## Aim of the task
Below are records with pictures. Reproduce exactly the lines from the line with "Choke watercolour book" to the line with "Birthday Shark Two", inclusive, and leave each picture out.

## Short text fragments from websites
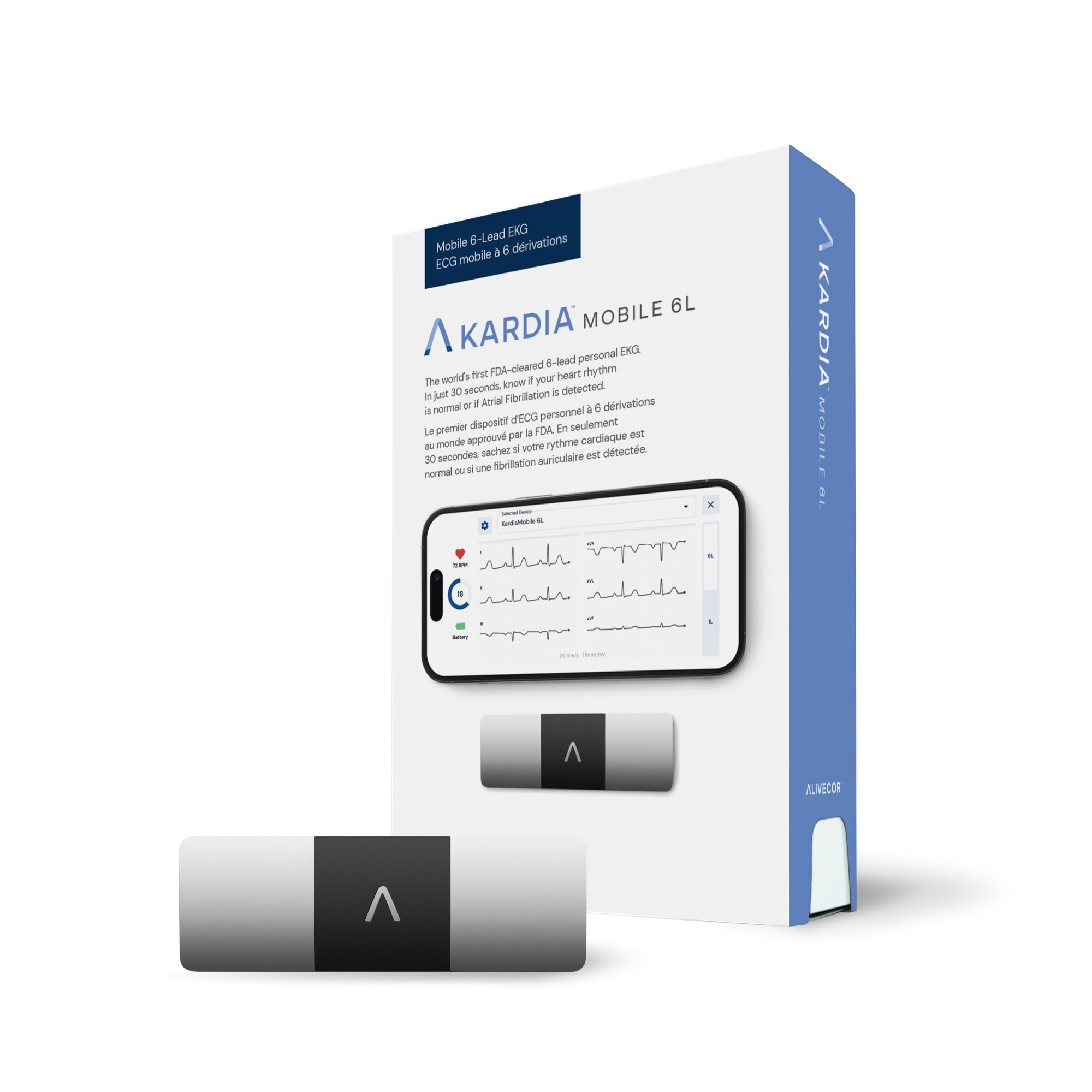 AliveCor KardiaMobile 6L Max vista frontal con diseño compacto y fácil agarre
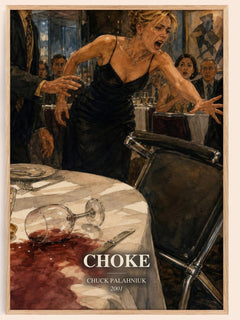 Choke watercolour book poster by Chuck Palahniuk – framed literary art print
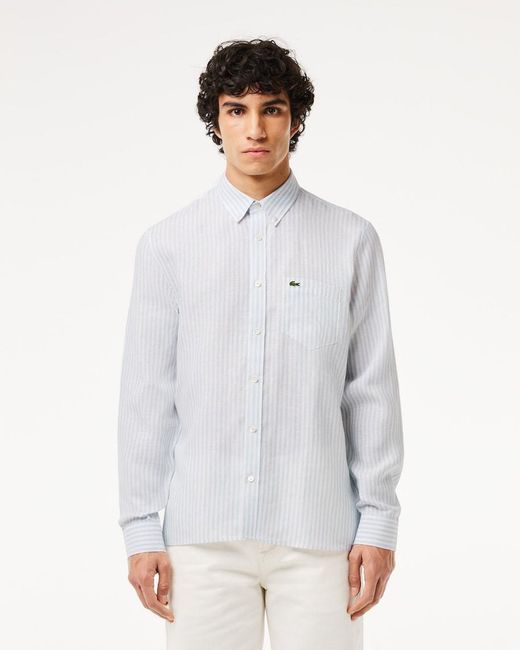 Lacoste White Regular Fit Striped Shirt for men
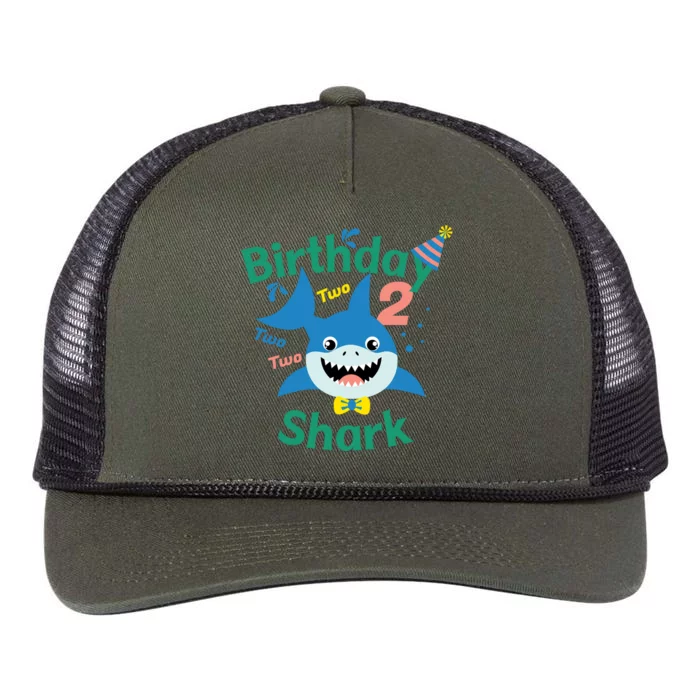 Birthday Shark Two Two Two 2nd Birthday Party Retro Rope Trucker Hat Cap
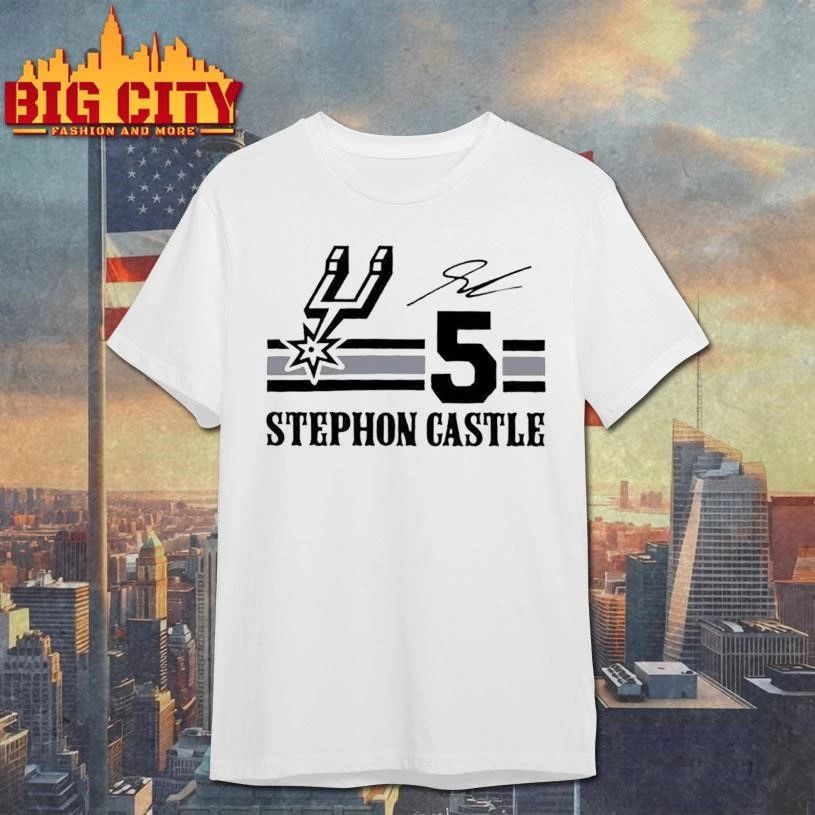 Stephon Castle 5 San Antonio Spurs 2026 NBA Playoff Signature Shirt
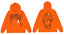 Revenge Orange Geometric Spider Skull Arch Logo Pullover Hoodie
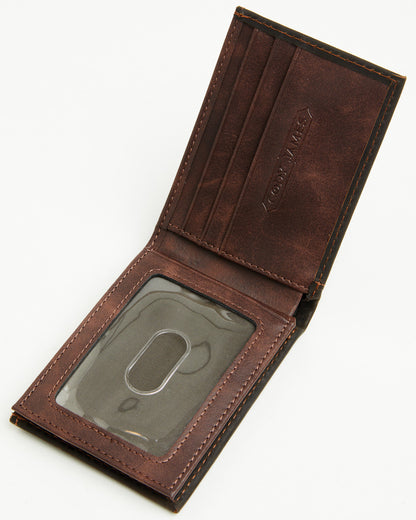 Men's Southwestern Bifold Leather Wallet Dark Brown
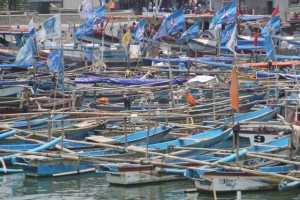 boats stacked in the small harbour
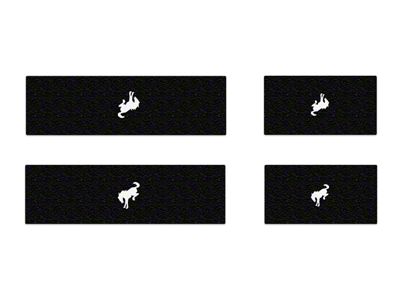 Door Sill Protection Overlays with Bucking Bronco Logo; White (21-25 Bronco 4-Door)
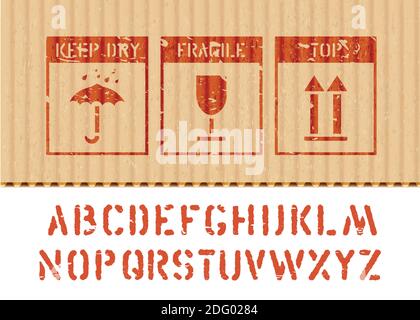 Standard cargo grunge box signs and alphabet for cargo and logisticks umbrella, glass, arrow up icons on cardboard. Vector Stock Vector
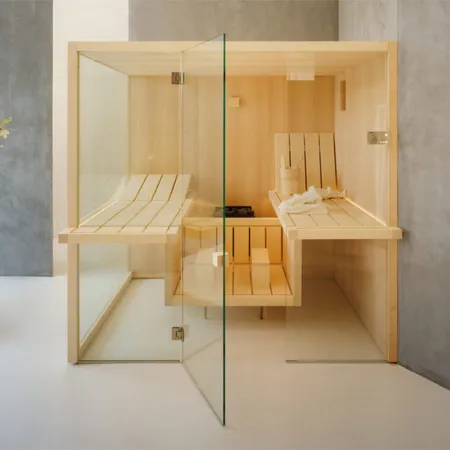 Effegibi Air 80 Corner Сауна 247x162x213см, угловая DX, цвет: осина натуральная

## Output for this task
 Choke watercolour book poster by Chuck Palahniuk – framed literary art print
 Lacoste White Regular Fit Striped Shirt for men
 Birthday Shark Two Two Two 2nd Birthday Party Retro Rope Trucker Hat Cap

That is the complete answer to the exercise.